*Prompt*
Every line of the listing is returned unchanged, and every picture is dropped.

*Available data*
____
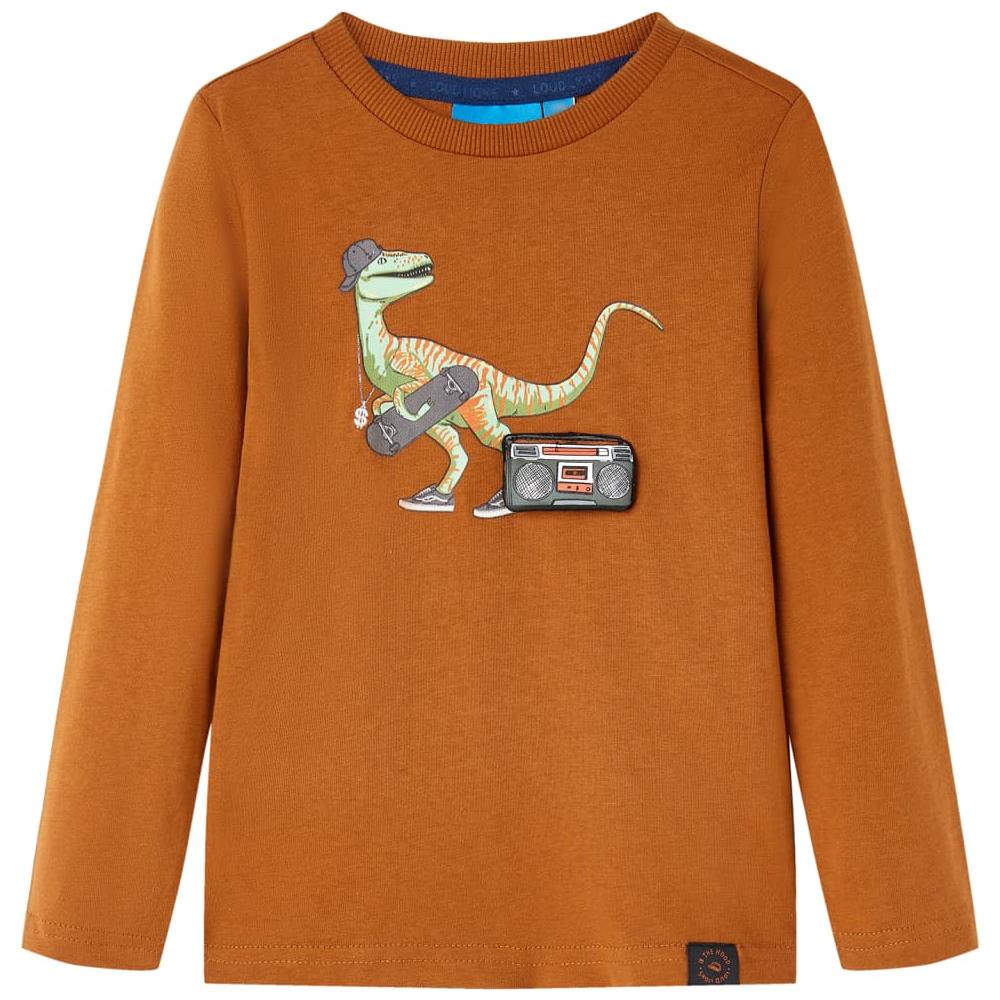 Maglietta Da Bambino A Maniche Lunghe Con Stampa Dinosauro Cognac 104 - Foto 1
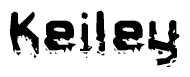 The image contains the word Keiley in a stylized font with a static looking effect at the bottom of the words
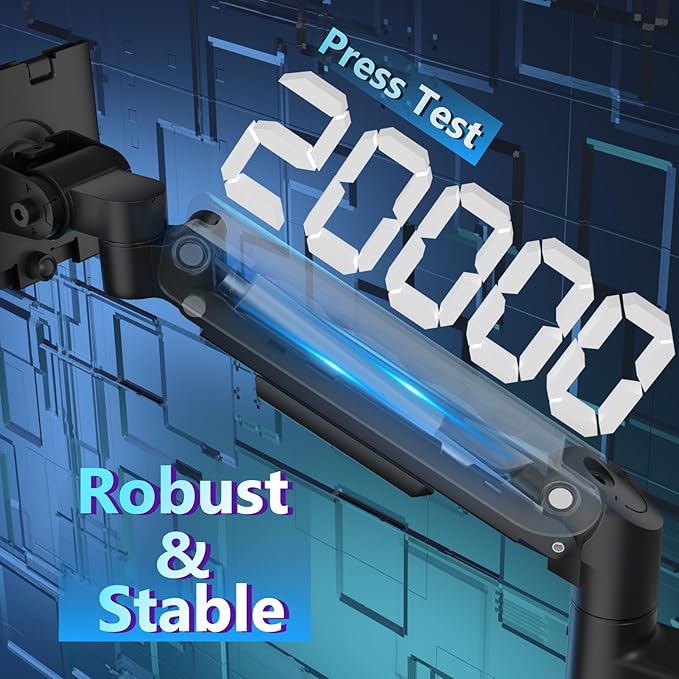 WALI Dual Monitor Mount for Ultrawide Heavy Duty Curved Monitor Stacking, Dual Monitor Arm Fits 13-49 Inch for Ultrawide Screens up to 44lbs, 49 inch Monitor Arm, Black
____
*Solved problem*
 Maglietta Da Bambino A Maniche Lunghe Con Stampa Dinosauro Cognac 104 - Foto 1
 The image contains the word Keiley in a stylized font with a static looking effect at the bottom of the words
 WALI Dual Monitor Mount for Ultrawide Heavy Duty Curved Monitor Stacking, Dual Monitor Arm Fits 13-49 Inch for Ultrawide Screens up to 44lbs, 49 inch Monitor Arm, Black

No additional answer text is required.